Om een ​​echt onderdeel te garanderen, is het noodzakelijk om de afmetingen en het materiaal zo te kiezen dat het maximum dat op een bepaald moment tijdens het gebruik optreedt kleiner is dan de limiet:

Maar zelfs als de maximale ontwerpspanning in het onderdeel dicht bij de grensspanning ligt, kan de sterkte ervan nog niet worden gegarandeerd.

Het handelen op het onderdeel kan niet nauwkeurig genoeg worden ingesteld,

ontwerpspanningen in het onderdeel kunnen soms slechts bij benadering worden berekend,

mogelijke afwijkingen van de werkelijke kenmerken van de berekende kenmerken.

Het onderdeel moet met enige berekening worden ontworpen veiligheidsfactor:

.

Het is duidelijk dat hoe groter n, hoe sterker het onderdeel. Echter zeer groot veiligheidsfactor resulteert in een verspilling van materiaal, en dit maakt het onderdeel zwaar en oneconomisch.

Afhankelijk van het doel van de constructie wordt de vereiste veiligheidsfactor ingesteld.
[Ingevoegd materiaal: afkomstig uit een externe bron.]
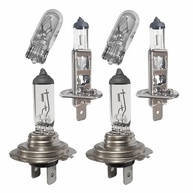 alta-e-intensidade-de-6000k-a-baixo-farol-h7-alto-duplo-led-kit-t10-foco-6-para-lanterna-lampadas-h1-a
Sterkte conditie: de sterkte van het onderdeel wordt geacht te zijn gewaarborgd als . De uitdrukking gebruiken , herschrijven sterkte conditie als:

Vanaf hier kunt u een andere vorm van opnemen krijgen sterkte omstandigheden:

De relatie aan de rechterkant van de laatste ongelijkheid wordt genoemd toegestane spanning:

Als de beperkende en dus toegestane spanningen bij trek en druk verschillend zijn, worden deze aangegeven met en. Het concept gebruiken toegestane spanning, Kan sterkte conditie als volgt worden geformuleerd: de sterkte van het onderdeel is verzekerd als de hoogste spanning overschrijdt niet toegestane spanning.